Monday, November 27, 2017

Thaulow Painting in Snow

Fritz (or Frits) Thaulow (Norwegian 1847-1906) was best known for his paintings of the calm surface of ponds and streams. 

He painted directly from nature, both in the warm months and in the winter. Here he is in the snow with a wooden stool and a tripod easel. 

This sketch in oil shows a snow-covered cottage by a stream.

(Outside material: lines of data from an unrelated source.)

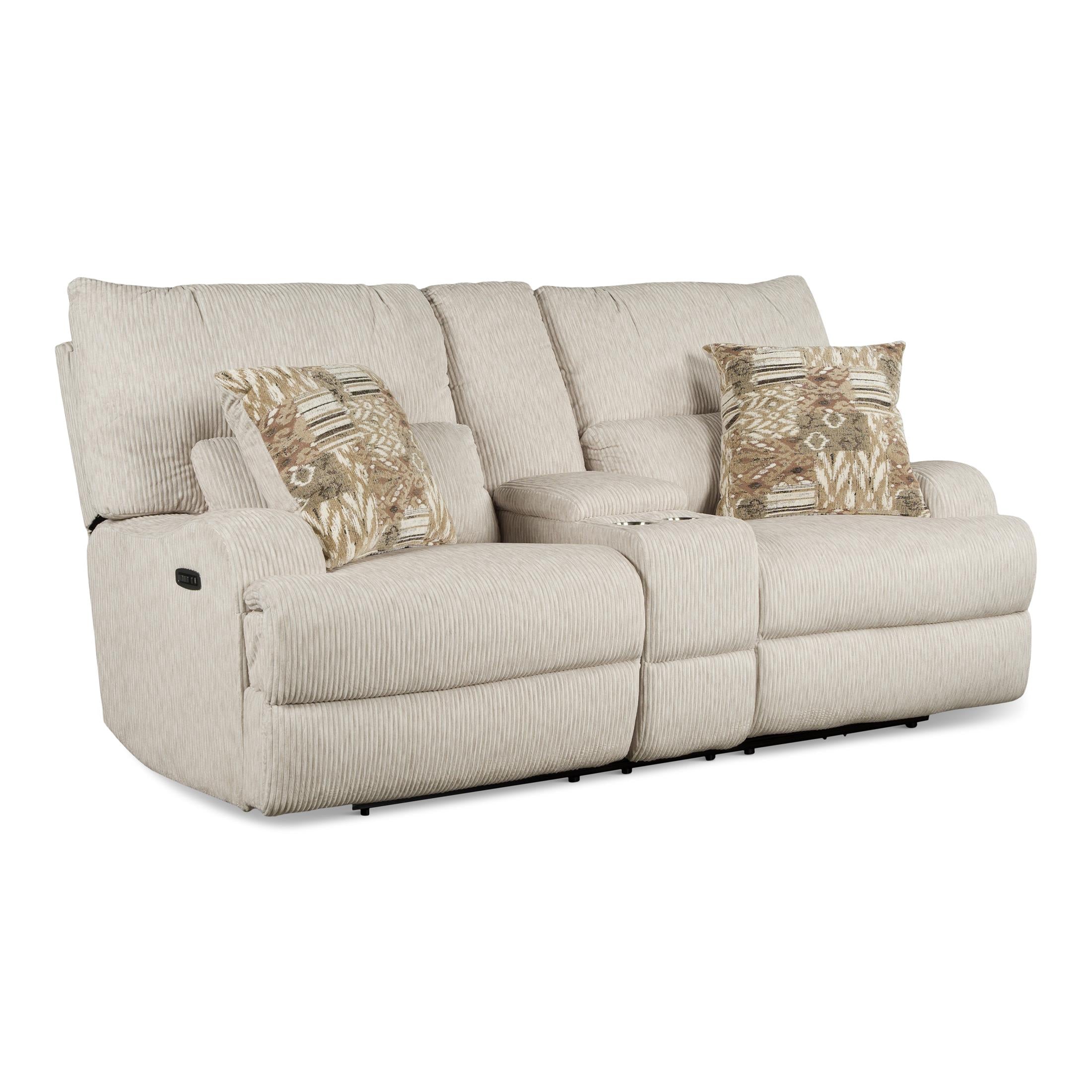 Conway Power Loveseat with Console - Fabric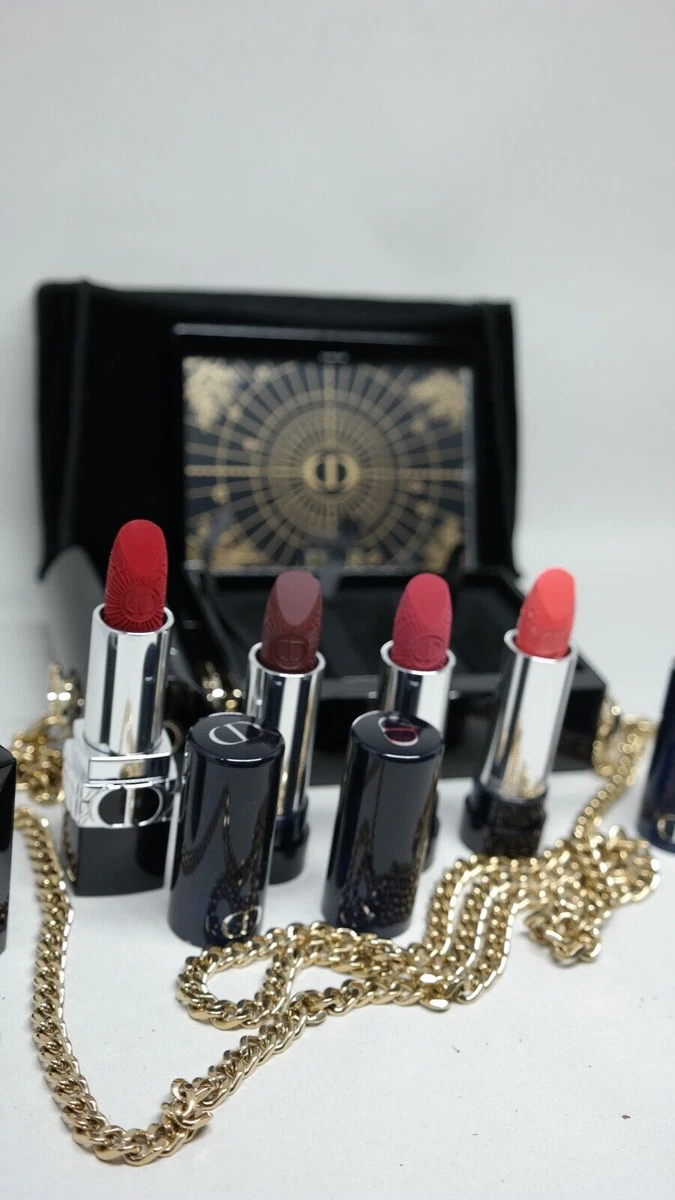 DIOR Limited Edition Lip Coffret 4 Piece Lipstick Gift Set 965, 913, 674,  471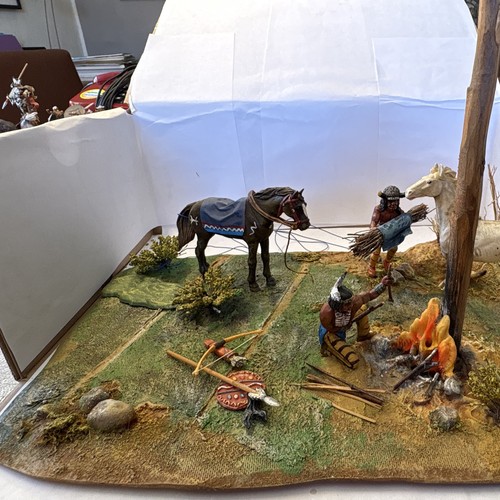 Wildwest diorama lagerfeuer - diorama,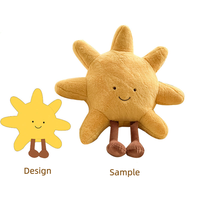 Juguete de Peluche Personalizado de Fábrica, Almohada de Peluche Suave con Forma de Estrella, Muñeco de Peluche con Logotipo Personalizado, Juguete de Peluche para Niños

Probably after returning to the studio, he translated the information of the sketch into a pastel called "Norwegian Winter Landscape." He removed the stump of a tree in the upper right and made the fence a little clearer. 
Previously I did a similar pairing of a sketch and finish by Isaac Levitan in the post: "Plein Air and Poetry"
The blog Lines and Colors has information about Fritz Thaulow with an update that includes a lot of links and resources if you want to find out more.


Sheridan said...

In my observations, sketches, and paintings done on location always have more life and vibrance, than studio works. Probably due in some part because you are capturing what is actually before you, in sight and sense. I noticed in the first work that the fence, and especially the branches on the foreground tree, gave the work a lot of life, and movement that the studio work lacks. I thought it was wise to change out the stump for a tree, but wonder why the decision to do so wasn't made doing the first piece. There always seems to be a delicate balance between what to leave in , and what to leave out, and balancing this with the spontaneous feeling of being in the moment we wish to achieve.

bernicky said...

I prefer the sketch to the studio piece, but it doesn't convey the same coldness as the studio piece. The sketch feels like spring - especially the light - the studio piece feels like January. Wish I had a better vocabulary to say what I'm feeling from them.

Charley Parker said...

Thaulow is one of my favorite painters. No one does small streams better. I think each version has its strengths. The field study is more immediate and visceral, and I like the warmer tree trunk and warm reflection of the building in the water, but the composition of the studio painting is stronger. This is particularly evident in the upper third of the painting, which is a bit congested in the plein air piece and elegantly simplified in the studio work. My choice, though, would be the field sketch.

Bug said...

Thaulow is a superb painter of watercourses...and almost everything else. I suggest that reader of GJ do a search for paintings under his name. They will be amazed by some of those meandering streams.

Leo Mancini-Hresko said...

Ah yes, the age old question of outdoor painting. Finish versus immediacy and urgency, brevity versus extended technique. I am not entirely sure I will ever wrap my head around it- one thing I have observed though is that often artists will prefer a sketch for its freshness, though often a studio piece is sold more readily.

I did a blog post on a levitan where I tracked down pencil sketches, oil sketches and finished studio piece. One lesson I took away from that is to let each thing be its own animal- to not copy literally a sketch on large scale, but to redesign and rethink at each pass.

Strikes me thats what Thaulow has done here, each are successful in their own right -though if I had to own one it might be the sketch ;-)

Sheridan said...

I agree with you Leo that both sketches, and studio works can be successful in their own right. I think the biggest take-away (for me) is that if you do both; is maintaining the "life" for want of a better word, that the sketch so often has. It's kind of like the looser
versus tighter struggle so many of us have. I have yet to hear an artist say, "I need to get tighter". The sketch usually only portrays the basics, because of the time/light/weather constraints. In the studio you can "noodle" on a work until every last detail is rendered to perfection. I think the life that I see in the sketch comes from the fact that not all the visual problems have been solved. The viewer solves some of the visual questions for themselves, which (I think) makes them more involved, and also more interested.

Nice to have this discussion. Thanks for the post James.

Steve said...

The line of footprints in the sketch seem more vivid, a touch I like. They help give a sense of stronger light.

Charley Parker said...

I have some resources for Frits Thaulow on Lines and Colors: There is a fairly long list of image resources at the end of this article:

James Gurney said...

Thanks for the reminder, Charley. In my haste I forgot to check your wonderful blog. I've added those links to the end of the post.